## Description of the task
All the lines below need retyping exactly, apart from the images.

**** Data in this exercise ****

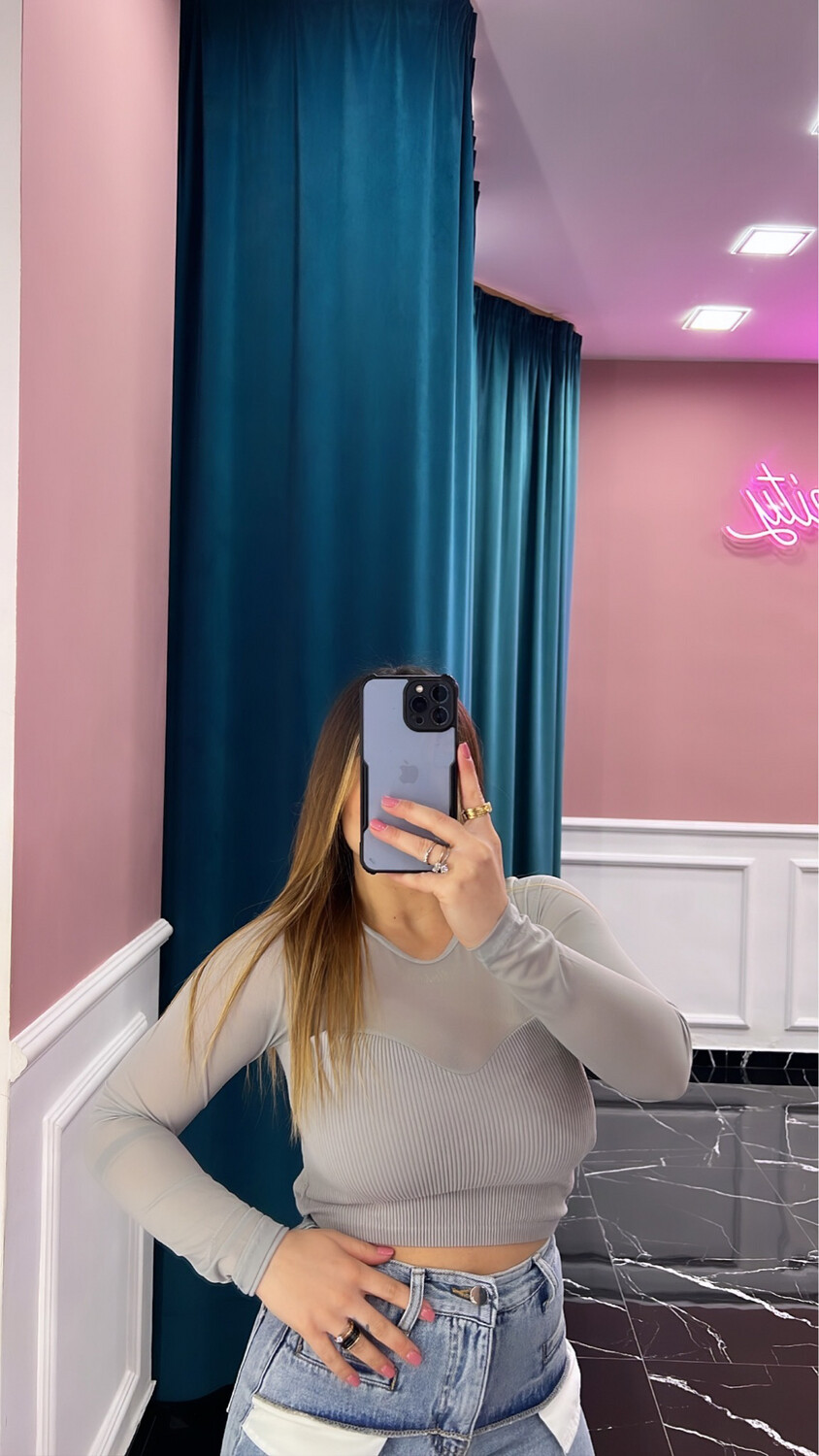 Maglia Crop manica velata
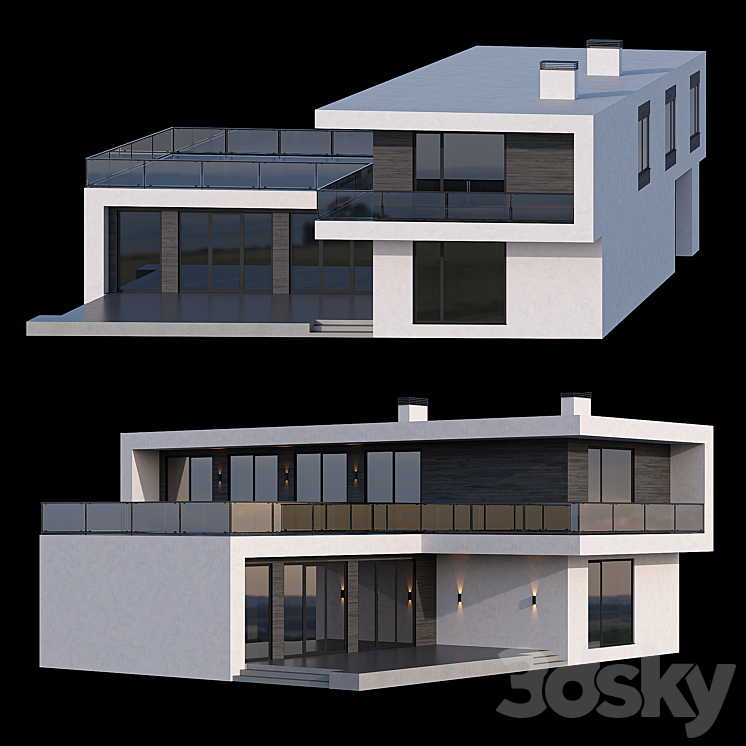 Modern two-storey cottage with a flat roof and a large Bauhaus-style terrace 3DS Max - thumbnail 2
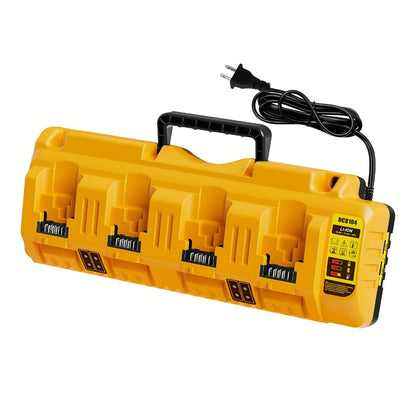 4-Port Battery Charger for DeWalt DCB104 Replacement 20V Max Rapid Charging Station with 2 USB Ports Compatible with 12V 20V DCB127 DCB200 DCB201 DCB204 DCB205 DCB206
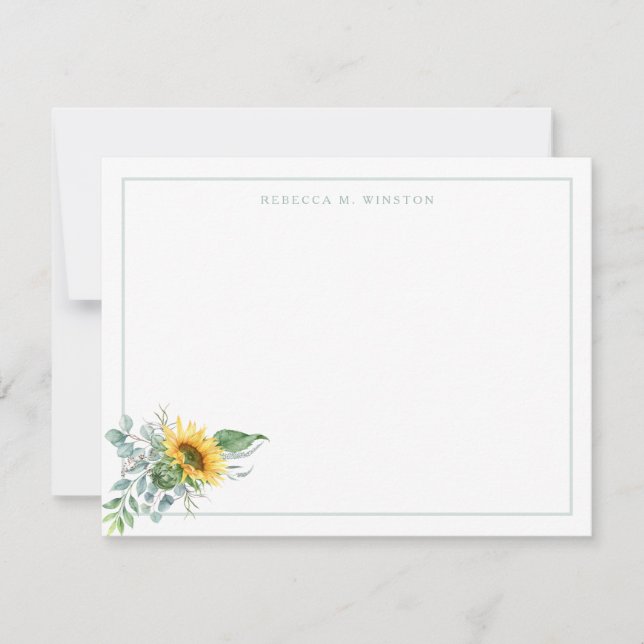 Elegant Solrosgrå Personlig Stationery Anteckningskort (Framsida)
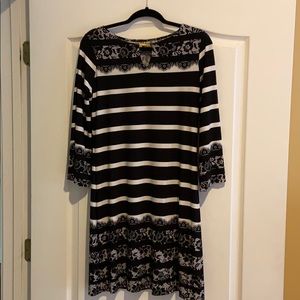 Beautiful black and cream dress.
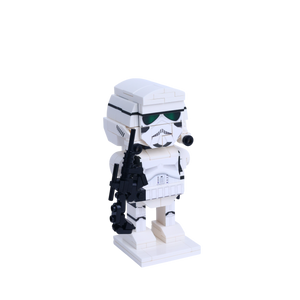 White-Armor Space Trooper custom brick figure, left-side view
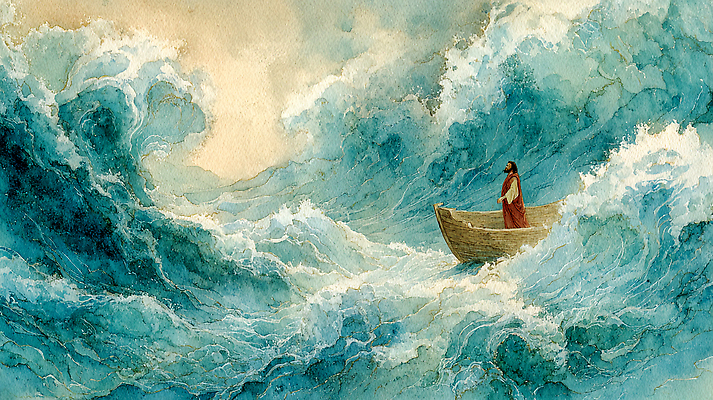 JPG 물결 예술 바다 일러스트 자연 회화 사람 풍경 물 일출 고요 도전 예수 수면 승객 나무배 풍랑 국내일러스트 AI일러스트 AI콘텐츠 자연요소 파도 배_교통 말하기 노을 신_종교 생태계 파일형식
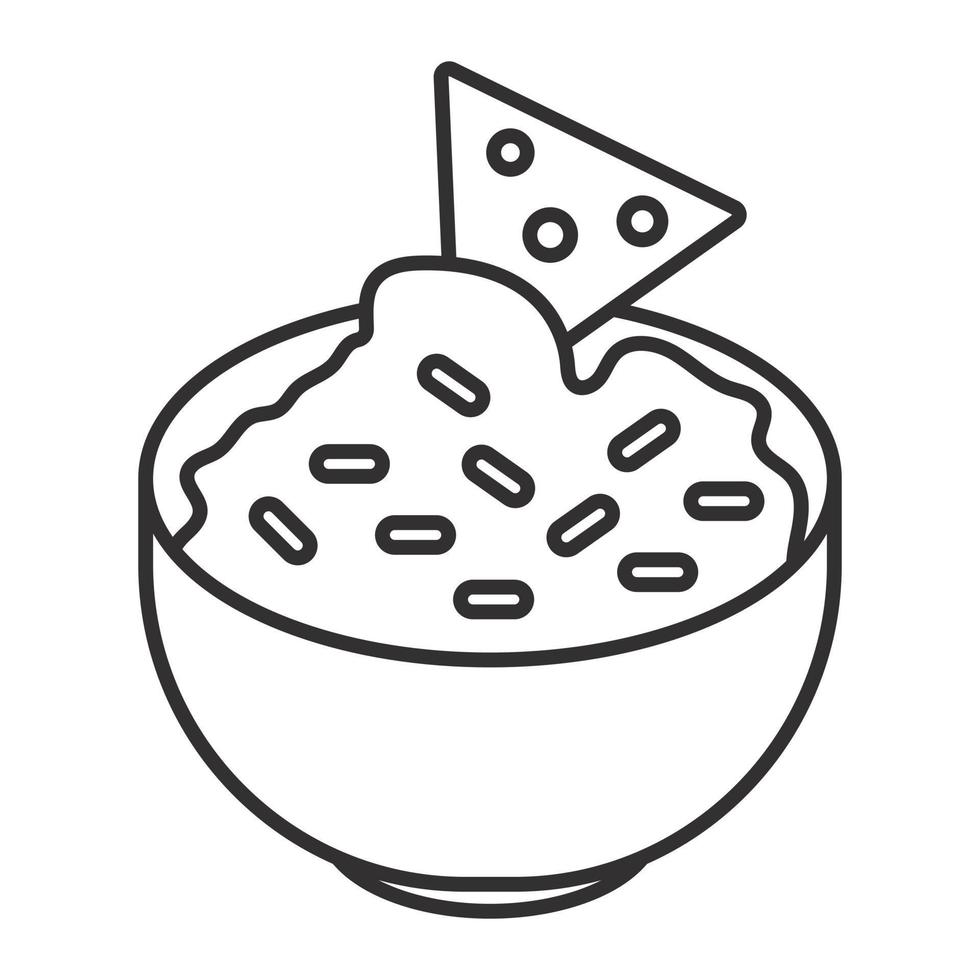 tortilla chips di mais con salsa di guacamole icona line art per app o siti Web vettore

****

## Final answer
 Maglia Crop manica velata
 Modern two-storey cottage with a flat roof and a large Bauhaus-style terrace 3DS Max - thumbnail 2
 4-Port Battery Charger for DeWalt DCB104 Replacement 20V Max Rapid Charging Station with 2 USB Ports Compatible with 12V 20V DCB127 DCB200 DCB201 DCB204 DCB205 DCB206
 Elegant Solrosgrå Personlig Stationery Anteckningskort (Framsida)
 Beautiful black and cream dress.
 White-Armor Space Trooper custom brick figure, left-side view
 JPG 물결 예술 바다 일러스트 자연 회화 사람 풍경 물 일출 고요 도전 예수 수면 승객 나무배 풍랑 국내일러스트 AI일러스트 AI콘텐츠 자연요소 파도 배_교통 말하기 노을 신_종교 생태계 파일형식
 tortilla chips di mais con salsa di guacamole icona line art per app o siti Web vettore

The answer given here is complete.